» Problem:
All entries are to be transcribed verbatim, but images are not carried over.

» Data extracts:

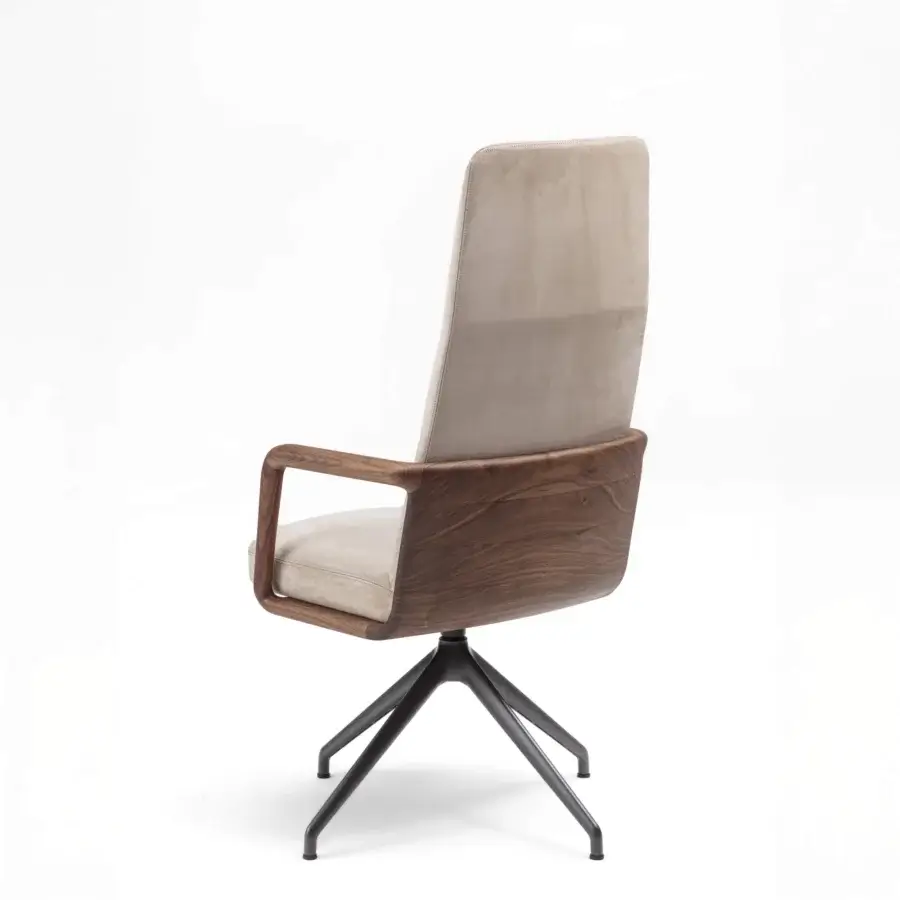 Exceptional Porada Cuna swivel chair with sculpted solid Canaletta walnut shell and neutral beige textile upholstery in a warm brown finish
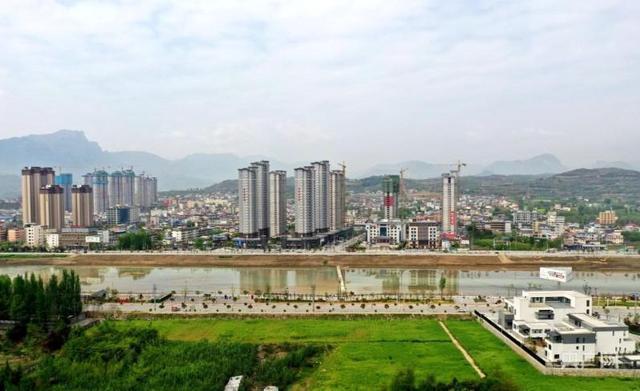 A scenic view of Longnan Wuting Mu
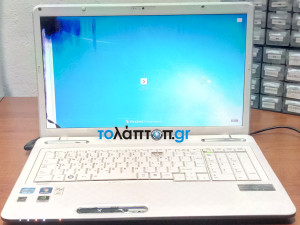 Αντικατάσταση σπασμένης οθόνης στο λαπτόπ Toshiba L775-15Q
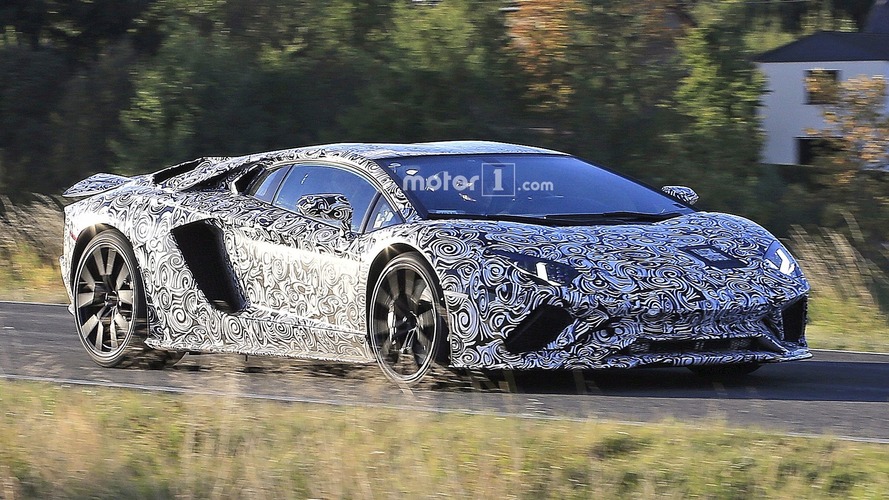 2018 Lamborghini Aventador makyaj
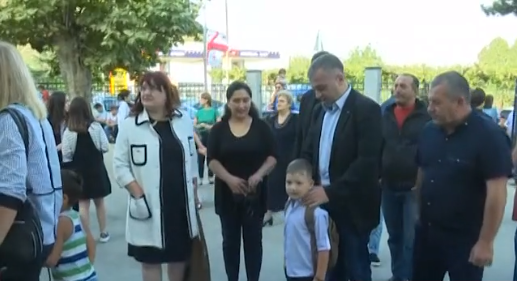 დავით ბაქრაძემ ომის ვეტერანის შვილი გორის მე-2 საჯარო სკოლაში თავად მიაცილა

» Problem solution:
 Exceptional Porada Cuna swivel chair with sculpted solid Canaletta walnut shell and neutral beige textile upholstery in a warm brown finish
 A scenic view of Longnan Wuting Mu
 Αντικατάσταση σπασμένης οθόνης στο λαπτόπ Toshiba L775-15Q
 2018 Lamborghini Aventador makyaj
 დავით ბაქრაძემ ომის ვეტერანის შვილი გორის მე-2 საჯარო სკოლაში თავად მიაცილა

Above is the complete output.